Temporary traffic flow observation plays a pivotal role in transportation planning, consultation, and decision-making, and it supplements fixed long-term traffic observation data. Although substantial automated technology has been used for traffic observation, such technology is limited by the temporariness and uncertainty of observation points; moreover, these methods are difficult to use in temporary observations. In this study, the YOLO_V3 algorithm, which is based on deep learning, is used for vehicle detection based on roadside videos of temporary observations. Moreover, a secondary detection framework based on vehicle detection and traffic-counting regions is proposed. Then a traffic-counting pattern with Kalman filter, Hungarian allocation, and perspective projection transformation is established. In addition, by collecting multiple sets of actual video data, the effectiveness of the method under different conditions is analyzed in terms of three indicators: camera intersection angle with the road, erection height, and road traffic density.
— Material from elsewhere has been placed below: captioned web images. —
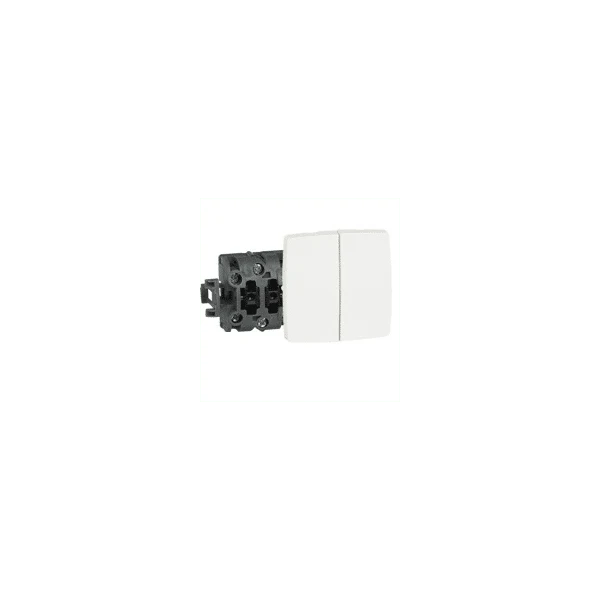 Double poussoir appareillage saillie composable 6A Blanc LEGRAND 086121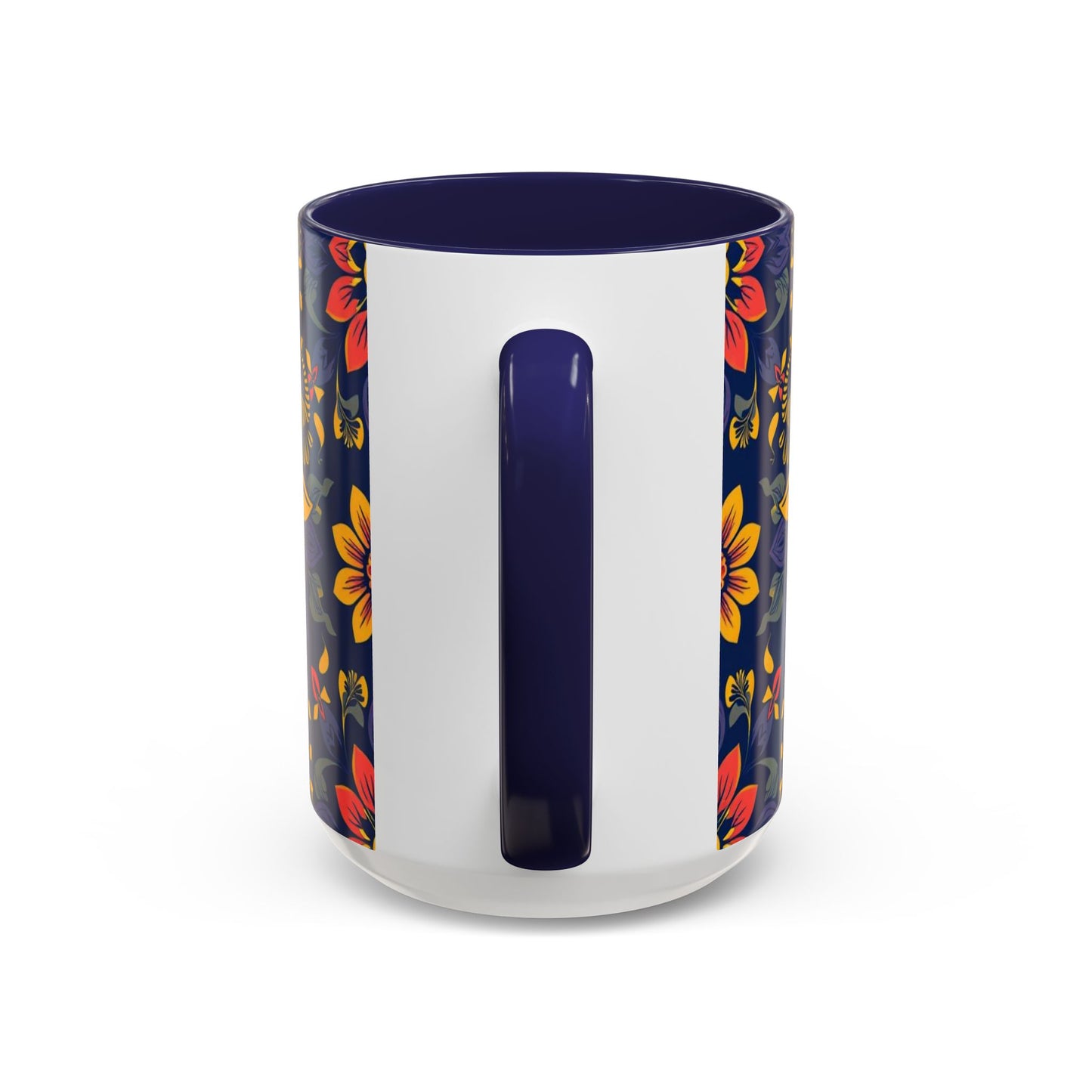 Accent Coffee Mug, Taurus, Zodiac v1. Flower Pattern, (11, 15oz)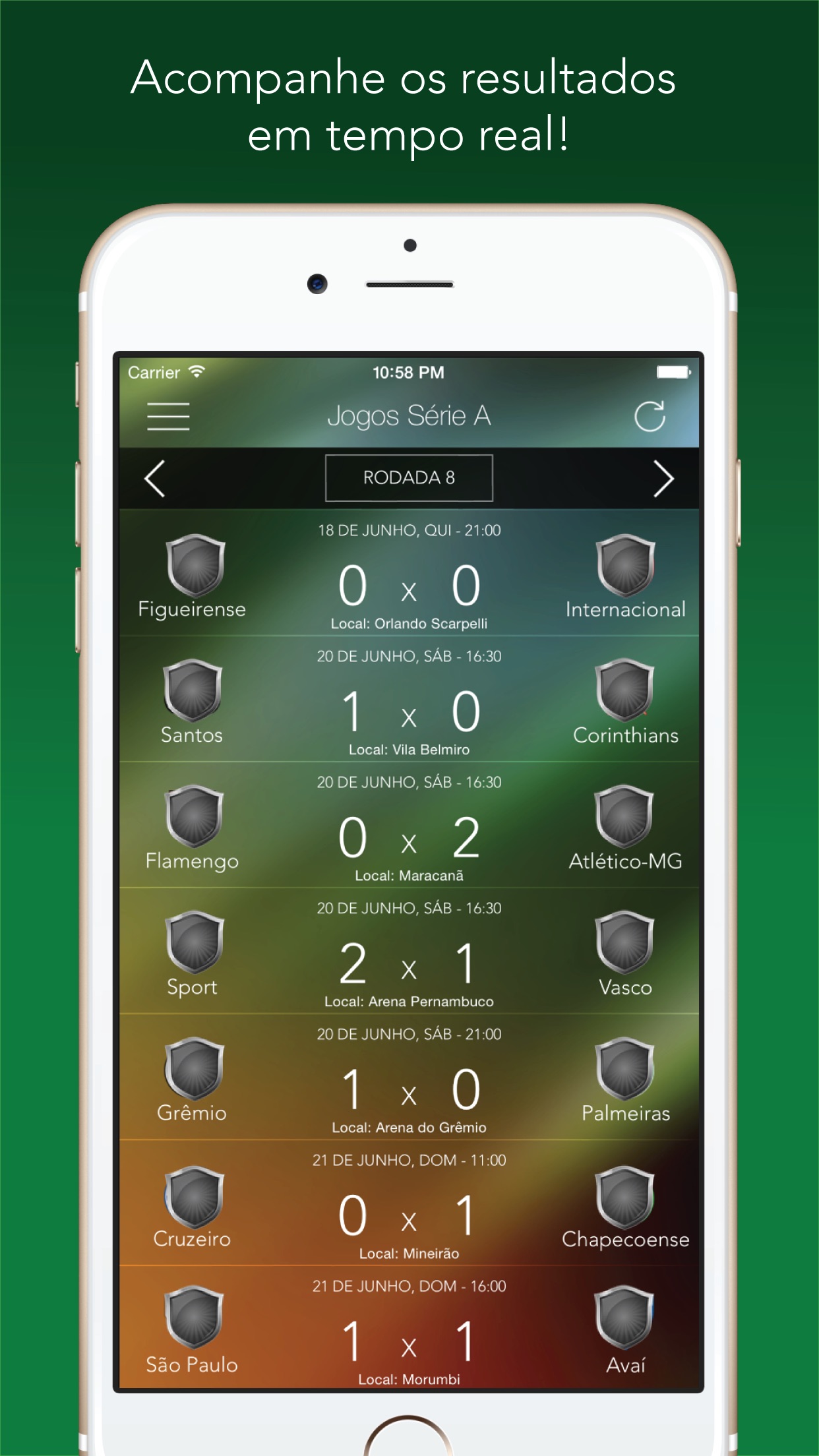 Screenshot do app Brasileirão Pro 2020 Série A B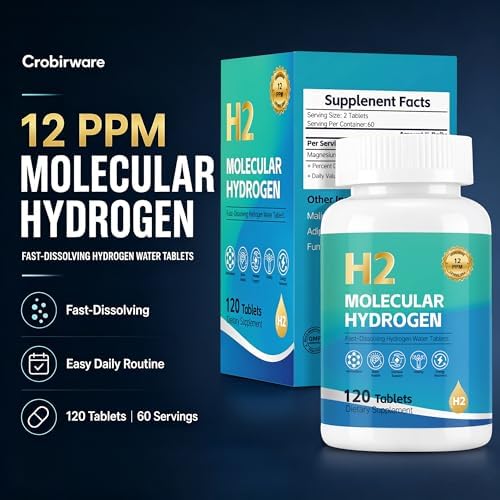 Molecular Hydrogen Water Tablets  12 PPM H2 Supplement with Magnesium  Raspberry Flavor  Fast Dissolving H2 Tablets for Water  Hydration  Energy & Recovery Support  120 Tablets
Results show that at a camera height of 3 m and a roadside angle of 30°, the accuracy is approximately 95%. However, traffic flow accuracy drops to approximately 90% when vehicles are blocked by large buses and trucks during detection. In this study, the algorithm is tested for execution efficiency using 1080p video streams on a Windows 10 × 64 operating system, a 2080Ti graphics card, a 64 GB RAM, and an i7-7820X CPU. Results show that camera installation angle and height have no considerable effect on operation efficiency. Under low-density traffic, the frames per second (FPS) value is approximately 44; under high-density traffic, the FPS value drops to approximately 33, indicating that the method still has high execution efficiency and can be used for real-time video traffic counting.